Q&A: A More Inclusive Thanksgiving 

Danielle Greendeer, WINS ’06, ’07, coauthor, Keepunumuk: Weeâchumun’s Thanksgiving Story; cofounder, Wampanoag Trading Post and Gallery; founder, Heron-Hill consultancy; and citizen, Mashpee Wampanoag tribe


Native corn

In her new children’s book, Greendeer chronicles the keepunumuk, or harvest, feast shared in 1621 by the Wampanoag people—who for 12,000 years tended the land that is now Plymouth, Massachusetts—and the “newcomers” who arrived by ship from England. While this Thanksgiving story includes turkey (and succotash, duck, rabbit, deer, fish, pumpkins, and cranberries), it’s not told from the perspective of “pilgrims and Indians.” Central to the Wampanoag story are “the three sisters”—weeâchumun, or corn, beans, and squash. 
Q. Why tell the story through corn?
A. The opportunity to write the book came from two friends who are Native and wanted a more authentic way to explain Thanksgiving to their kids. The early manuscripts basically regurgitated the White colonial account of the first harvest, so we decided to give voice to the plants and the animals: What might they have thought when the boat arrived? What would they have seen when the Natives were helping the newcomers plant corn? 
Corn is nondiscriminatory; her only objective is to feed people. If it wasn’t for corn and her sisters, the newcomers’ first harvest would not have been possible, and they would have struggled to survive. Corn was not grown in England, so they didn’t know what to do. The corn seeds were the first thing that they found when they raided the Native homes. 
Q. What does the traditional American narrative about Thanksgiving get wrong?
A. The only passage that exists about the first harvest feast is in a collection of stories called Mourt’s Relation. It [simply] says: “We met with the Natives. We feasted for three days. The Natives went fowling and brought four deer. Ousamequin, the leader at the time, showed up with 90 of his warriors, and we exercised our arms.” The tone was grateful, friendly—not hostile.
I think a lot of [Indigenous] folks are jaded about what has happened to tribes [as a result of] colonization. They want to say that Thanksgiving never happened or that it wasn’t friendly. At that first harvest, however, everybody on both sides— Natives who had endured the plague and this small group of newcomers that had survived a harsh New England winter—was just very grateful to come together over food.
Q. How can people begin to incorporate Native traditions into their Thanksgiving?

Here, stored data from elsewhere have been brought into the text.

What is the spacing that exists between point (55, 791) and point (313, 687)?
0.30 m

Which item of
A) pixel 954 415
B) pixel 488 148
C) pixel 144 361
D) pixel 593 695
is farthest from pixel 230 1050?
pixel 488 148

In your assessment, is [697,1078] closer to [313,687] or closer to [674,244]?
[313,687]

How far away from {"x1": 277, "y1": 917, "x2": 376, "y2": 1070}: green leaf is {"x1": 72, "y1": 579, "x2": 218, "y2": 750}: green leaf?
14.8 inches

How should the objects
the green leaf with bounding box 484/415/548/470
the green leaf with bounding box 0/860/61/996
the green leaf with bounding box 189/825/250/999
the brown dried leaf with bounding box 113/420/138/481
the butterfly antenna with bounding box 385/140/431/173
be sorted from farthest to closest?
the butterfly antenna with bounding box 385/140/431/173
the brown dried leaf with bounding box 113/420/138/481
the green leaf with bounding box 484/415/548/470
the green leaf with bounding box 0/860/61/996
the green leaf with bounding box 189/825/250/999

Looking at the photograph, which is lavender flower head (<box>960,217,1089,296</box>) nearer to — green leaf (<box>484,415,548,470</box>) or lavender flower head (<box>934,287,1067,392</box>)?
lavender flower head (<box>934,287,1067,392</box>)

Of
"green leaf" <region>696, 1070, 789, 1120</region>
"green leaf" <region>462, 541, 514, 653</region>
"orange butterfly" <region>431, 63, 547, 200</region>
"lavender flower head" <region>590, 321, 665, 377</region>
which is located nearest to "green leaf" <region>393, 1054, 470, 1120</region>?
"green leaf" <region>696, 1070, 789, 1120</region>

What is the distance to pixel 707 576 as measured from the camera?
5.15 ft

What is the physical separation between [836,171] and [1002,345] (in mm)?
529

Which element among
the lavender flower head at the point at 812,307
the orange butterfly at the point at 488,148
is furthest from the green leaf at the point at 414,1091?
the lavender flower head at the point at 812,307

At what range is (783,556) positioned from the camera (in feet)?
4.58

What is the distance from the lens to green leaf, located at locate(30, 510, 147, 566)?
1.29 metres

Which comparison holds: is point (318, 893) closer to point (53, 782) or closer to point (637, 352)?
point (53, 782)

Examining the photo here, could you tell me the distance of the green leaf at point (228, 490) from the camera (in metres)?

A. We need to create more authentic conversations about Thanksgiving with Native voices and experiences at the forefront. We need to introduce themes of colonization—like the National Day of Mourning—in a way that’s not just saying, ‘this is all the pilgrims’ fault.’ 
[A good way] to honor Native people is to make space on your table for an Indigenous dish. The book includes a recipe for nasamp, [a traditional Wampanoag dish made from cornmeal, nuts, berries, and maple syrup]. It’s always best to start a conversation over food.
Q. Last year you helped reintroduce and harvest the Wampanoags’ King Philip corn. What was that like?
A. After I appeared in Gather, a [2020] documentary about food sovereignty, Truelove Seeds from Philadelphia reached out and said they had some Wampanoag corn, and would I like to grow it? I jumped at the opportunity and started planting on one of the community plots on the tribe’s 12-acre farm. Last year was just trial and error but the harvest came out well: 200­ to 300 ears.